Do you think that’s absurd? Keep reading.
Tax systems of most developed countries are astonishingly complex. Depending on your country, factors such as your income, consumption, wealth, number of children, charitable contributions, mortgage payments, health insurance expenditures, or whether you donate blood may all influence your tax liability, i.e. the total amount of tax due each year. The ultimate aim of designing a tax system is fairness, although the concept is rather subjective. There are multiple plausible, yet very different views on what is fair. One view (very rare, luckily) is that a flat tax would be the most fair tax, as everybody would just pay the same amount. In practice, two main principles are used to argue which taxes are considered fair – the ability-to-pay principle and the benefits principle. While income tax or wealth tax are prominent examples of taxes we deem fair based on the ability-to-pay principle (you pay as much as your financial situation allows you to), consumption tax or highway tolls are typical taxes based on the idea of the benefits principle (you pay as much as you use a certain good or public service). The framework for optimal taxation which remains a centerpiece in modern public finance was laid out by James A. Mirrlees (of Mirrlees Review) and William Vickrey, for which they jointly received a Nobel Prize in 1996.
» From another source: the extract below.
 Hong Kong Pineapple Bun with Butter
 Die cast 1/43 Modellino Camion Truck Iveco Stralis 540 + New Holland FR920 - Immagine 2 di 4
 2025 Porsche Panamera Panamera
As argued by Nicholas Gregory Mankiw and Matthew Weinzierl (both from Harvard), based on this theory, a surprisingly suitable choice could be taxing people’s height, or more precisely, providing a tax credit to short people and imposing a tax surcharge for tall people. Before you discard the idea as nonsense and stop reading this article, think about the reasons not to tax height. In short, the optimal taxation theory as it stands today defines an ideal characteristic based on which to tax as:
- exogenous, meaning that the tax does not distort incentives as there is no way to change this characteristic,
- easily observable, meaning that it is easy to see what the value of this characteristic is for every person,
- positively correlated with ability, so that the ability-to-pay principle is satisfied.
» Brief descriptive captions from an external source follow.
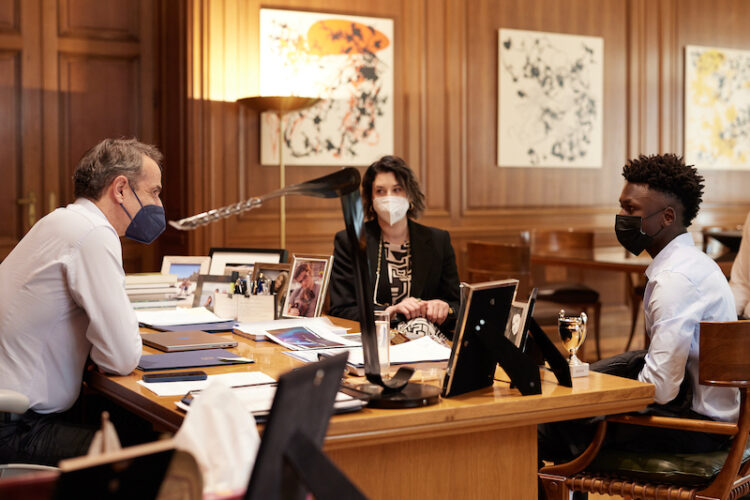 Ο πρωθυπουργός συναντήθηκε  με τον μαθητή της Γ΄Λυκείου, Σαϊντού Καμαρά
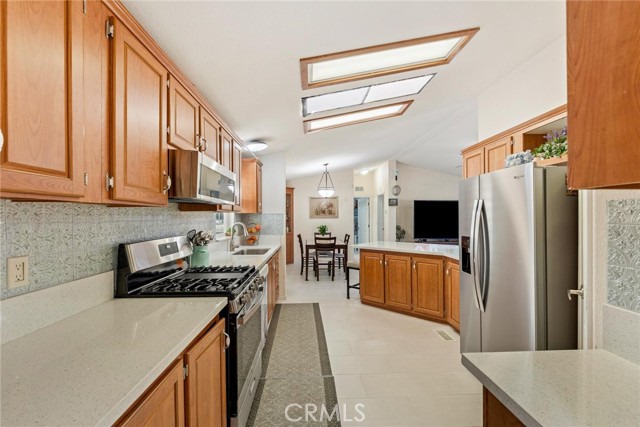 Detail Gallery Image 15 of 34 For 1895 W Devonshire Ave #148,  Hemet,  CA 92545 - 3 Beds | 2 Baths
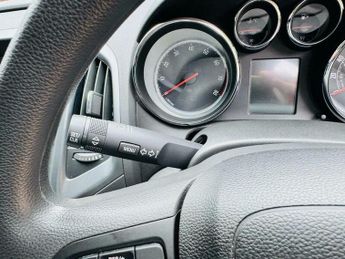 Vauxhall Astra 1.6 16v Design Auto Euro 5 5dr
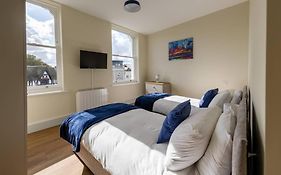 Apartment 5, Isabella House, Aparthotel, By Rentmyhouse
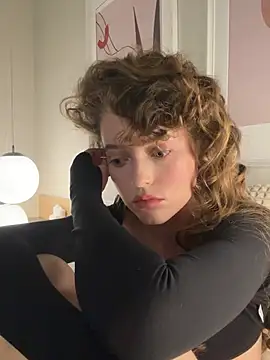 Snapshot of AshleyDouglas chatting on March 2025 07:34:02 AM AshleyDouglas online show from March 2025 07:34:02 AM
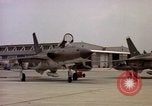 Standbild F 105D-Ebenen Goldsboro North Carolina USA, 1966, aus Sekunde 39 historischem Filmmaterial Videoclip 65675048200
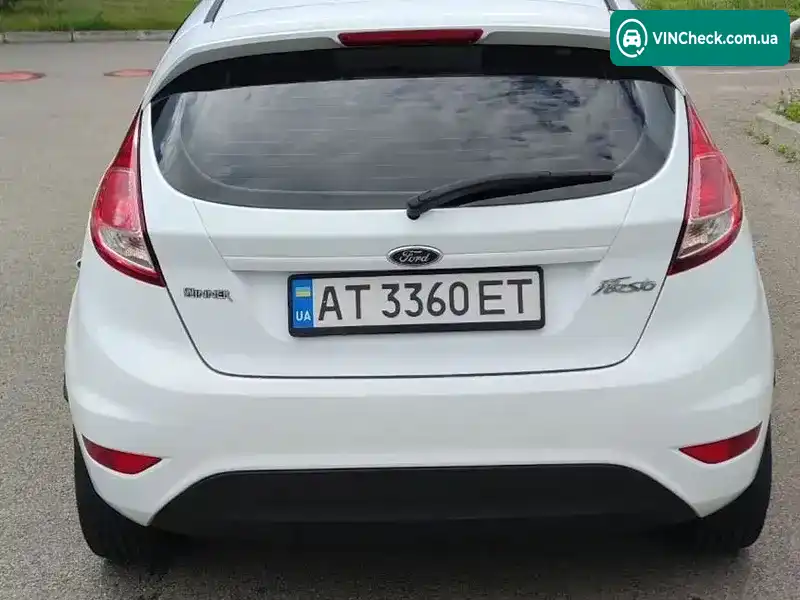 Ford Fiesta 2015, фото з оголошення 2 з 10, VIN WF0DXXGAKDFE35648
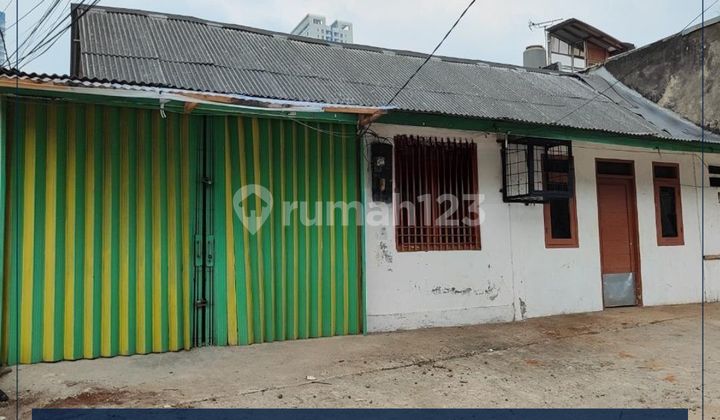 Dijual Cepat - Rumah Bisa Untuk Usaha Lokasi Sangat Strategis Row Jalan 2 Mobil & Bisa Kpr Di Tanjung Duren, Jakarta Barat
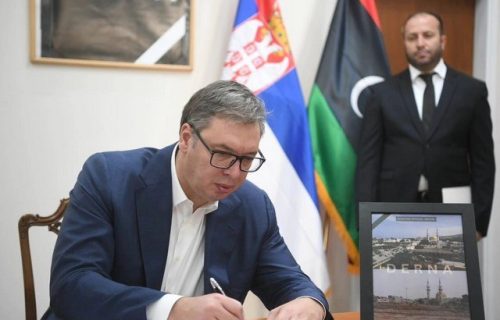 Predsednik Vučić se upisao u knjigu žalosti u ambasadi Libije:"Izgubljeni životi ne mogu da se nadoknade"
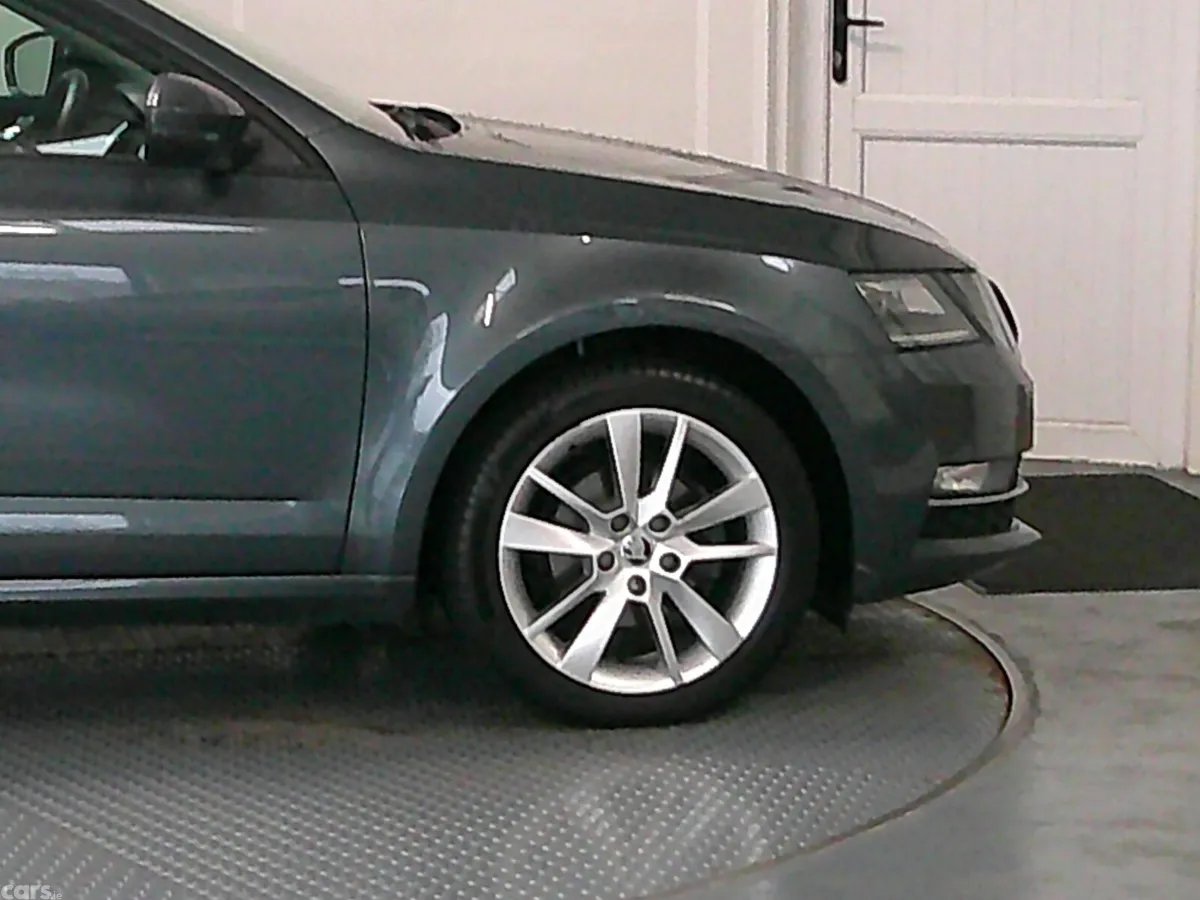 Skoda Octavia Hatchback, Diesel, 2019, Grey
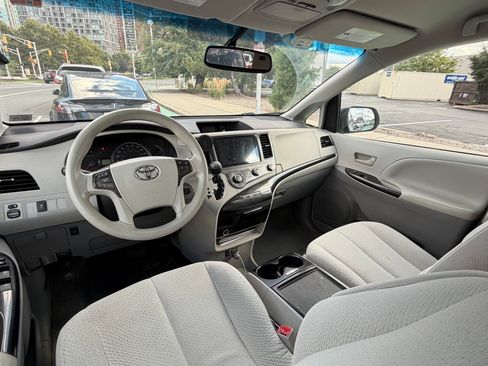 Used 2012 Toyota Sienna LE w/ Towing Pkg AWD/4WD image 8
Income, which is currently the most important characteristic of people for tax purposes in most countries, does not do too well in (1) because of deadweight loss and in (2) as documented by relatively high shares of the shadow economy throughout the world. Income does pretty well in (3); in fact, it is probably the best indicator of ability we have at this time.
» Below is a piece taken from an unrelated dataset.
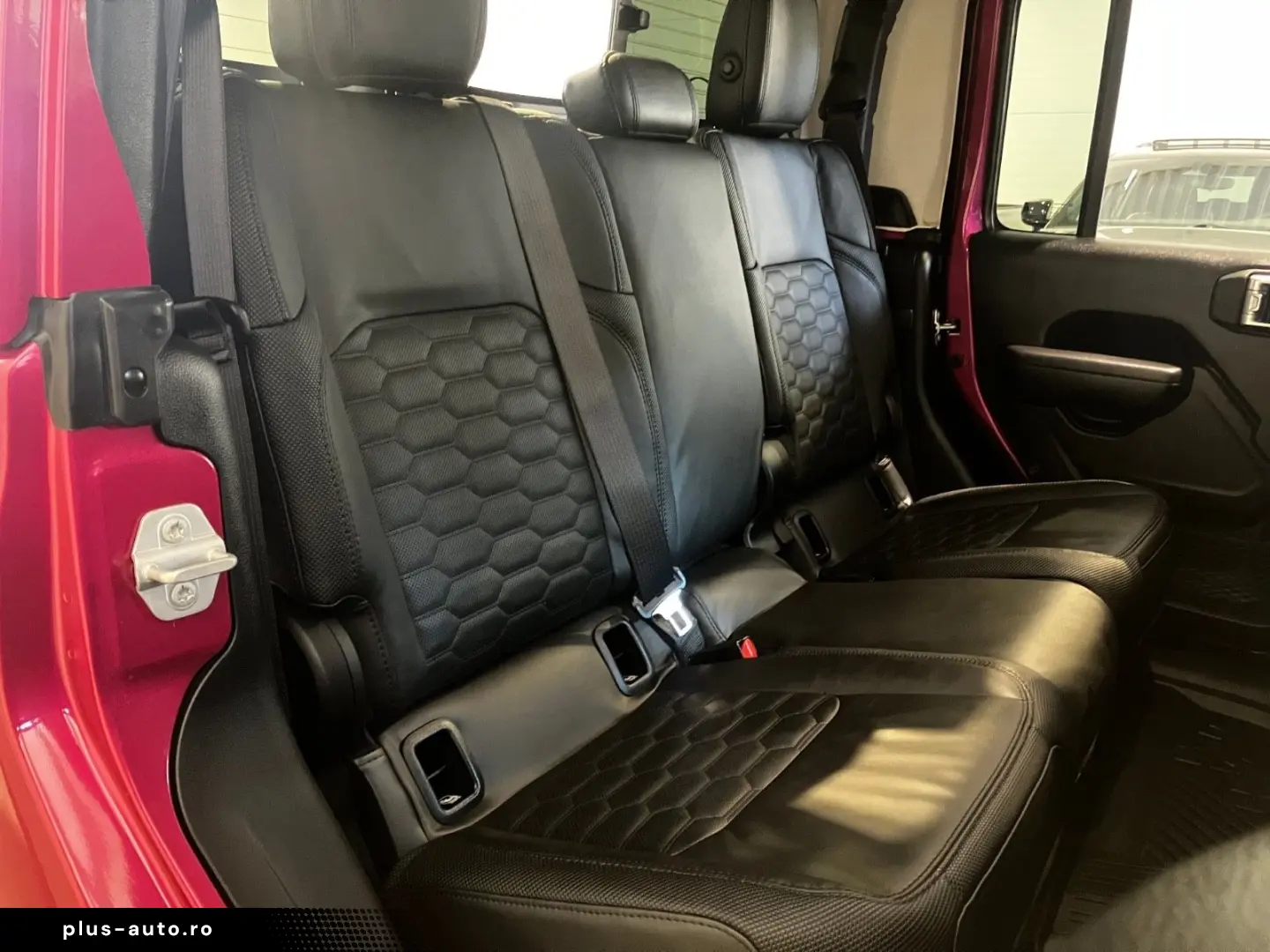 JEEP Gladiator Sport 3 6 4x4 Leder LED AHK Navi Pink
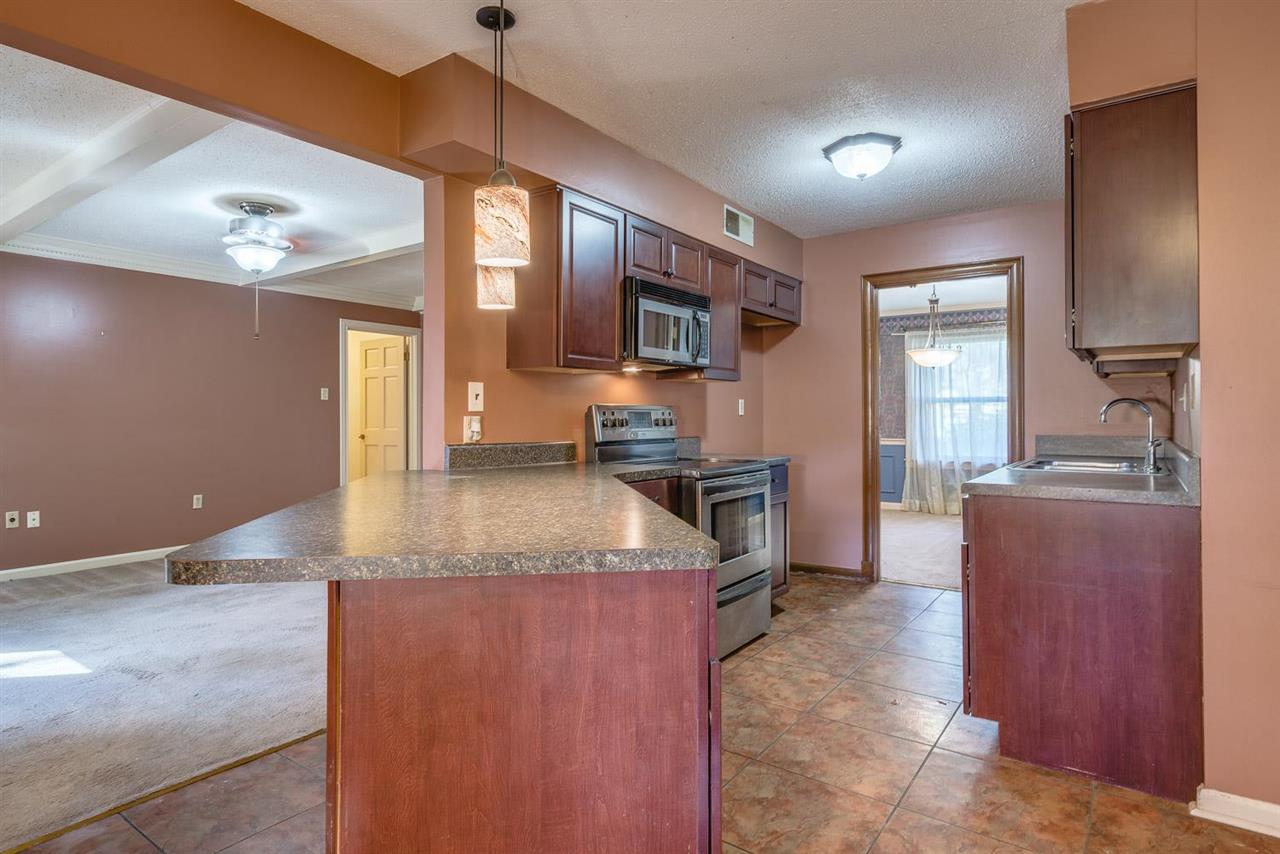 7141 Crestridge Road Memphis, TN 38119 - Photo 5 of 19 Gallery Image 5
But how about height? While the first two requirements are clearly met for height, the third one might raise questions. However, previous research (see, for example, here, here or here, and figure below) convincingly shows that taller people make more money – on average by between 1 and 2 percents per additional inch of height – and, assuming correlation between ability and income, a potential height tax would also be correlated with ability. Starting from here, the authors rigorously show in their article that the current theory suggests that we should indeed impose a height tax, and moreover, the optimal level of such tax is substantial. The fact that in practice, we do not impose such a tax and that most people think it absurd suggests that the current optimal taxation theory must in some way fail to capture our intuitive notions of distributive justice.
Reference: Mankiw, N. G., & Weinzierl, M. (2010). The optimal taxation of height: A case study of utilitarian income redistribution. American Economic Journal: Economic Policy, 2(1), 155-176. Available here, working paper version available here.